Estonia’s corporate tax system is designed to support business growth. Companies are not taxed on reinvested profits, but only when profits are distributed. This approach encourages long-term growth, particularly for startups.

Digital tools like the e-Tax Board reduce administrative work. This makes Estonia attractive to international entrepreneurs without aggressive tax competition.

Two success stories, not one

Despite the branding, Kattel cautions against treating Estonia’s digital government and startup ecosystem as a single story.

“There are two very different success stories,” he said. One is digital government, identity, access to public and private services, and secure infrastructure. “The other success story is around the startup environment, which has almost nothing to do with the government infrastructure.”

He argues that the startup boom was mainly driven by early private-sector successes like Skype. The sale of Skype in the early 2000s brought capital, experience, and global networks to Estonia. This group of entrepreneurs is sometimes called the “Skype mafia.”

“If you look at the first two or three generations of Estonian startups, almost all of them go back to Skype,” Kattel said. “That success showed it’s possible and in business, success breeds success.”

He adds that Estonia’s unicorns do not rely on government data systems for their central operations. “None of them use public health data or state databases,” he said. “In terms of infrastructure, these are almost entirely separate ecosystems.

Can the EU replicate Estonia?

Estonia’s model has influenced EU policy. The Interoperable Europe Act, in force since 2024, and the European Interoperability Framework promote data sharing, digital identity, and cross-border interoperability. X-Road is open-source and is already used nationally in Finland and Iceland, with pilot projects in Germany.

It is technically possible to replicate Estonia’s model. However, political and institutional factors complicate the situation.
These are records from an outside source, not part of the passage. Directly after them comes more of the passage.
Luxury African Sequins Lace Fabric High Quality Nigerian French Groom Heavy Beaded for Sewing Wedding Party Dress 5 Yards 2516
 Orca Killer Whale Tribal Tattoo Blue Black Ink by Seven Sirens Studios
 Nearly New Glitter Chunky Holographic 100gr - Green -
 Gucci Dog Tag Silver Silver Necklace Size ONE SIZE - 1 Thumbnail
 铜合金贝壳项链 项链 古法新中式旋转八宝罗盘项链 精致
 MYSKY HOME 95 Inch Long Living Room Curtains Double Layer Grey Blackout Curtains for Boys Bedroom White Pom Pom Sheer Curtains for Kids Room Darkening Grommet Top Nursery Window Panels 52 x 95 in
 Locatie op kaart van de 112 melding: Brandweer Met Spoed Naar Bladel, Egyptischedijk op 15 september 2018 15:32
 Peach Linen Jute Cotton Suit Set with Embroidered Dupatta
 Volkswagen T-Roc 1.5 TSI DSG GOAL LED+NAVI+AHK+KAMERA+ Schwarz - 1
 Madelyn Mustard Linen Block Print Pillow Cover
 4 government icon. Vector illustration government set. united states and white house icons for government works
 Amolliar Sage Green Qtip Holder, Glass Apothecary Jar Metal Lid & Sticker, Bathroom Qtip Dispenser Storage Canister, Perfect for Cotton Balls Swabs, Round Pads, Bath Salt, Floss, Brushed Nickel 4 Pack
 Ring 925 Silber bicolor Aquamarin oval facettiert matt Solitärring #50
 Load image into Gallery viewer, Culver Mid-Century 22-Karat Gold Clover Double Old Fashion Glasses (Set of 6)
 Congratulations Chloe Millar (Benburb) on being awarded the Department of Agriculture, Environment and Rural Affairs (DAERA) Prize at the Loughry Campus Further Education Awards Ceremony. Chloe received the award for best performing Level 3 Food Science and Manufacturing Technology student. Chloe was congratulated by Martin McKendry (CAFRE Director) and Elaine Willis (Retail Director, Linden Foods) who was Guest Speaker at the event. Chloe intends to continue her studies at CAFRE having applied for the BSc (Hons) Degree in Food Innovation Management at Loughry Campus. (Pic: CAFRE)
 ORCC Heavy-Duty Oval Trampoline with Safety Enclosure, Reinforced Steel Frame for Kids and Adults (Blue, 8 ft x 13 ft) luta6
Estonia benefited from limited legacy IT systems, a centralised state and high trust in government. “There’s a ‘we got this’ mentality in small Nordic and Baltic countries,” Kattel said, noting that trust in state institutions is much higher than in many larger EU members.

In more diverse societies, he argues, centralised digital identity systems raise legitimate concerns. “For very good reasons, many EU countries are more reluctant to have identity in one place and trust the state with it,” he said, pointing to privacy risks and fears of political misuse.

The limits of EU-INC

Estonia’s success also exposes the limits of the EU’s single market. Despite decades of integration, companies still face 27 corporate regimes, fragmented digital services and national procurement systems.

“You still can’t just create a business once and operate everywhere, like in the US,” Kattel said. Even basic cross-border services stay disconnected. “If you’re an Italian citizen and go to a doctor in Belgium, that doctor has no idea who you are.”

For Kattel, the EU’s weakness lies not only in regulation but also in demand. “We have focused on supplying rules,” he said, “but we haven’t created EU-wide demand for services, technologies or procurement.”

Estonia shows what a coherent digital system can achieve within a single country. The EU is still far from functioning as a fully integrated economic space. The main challenge is not the lack of models but the need for political decisions that go beyond technology.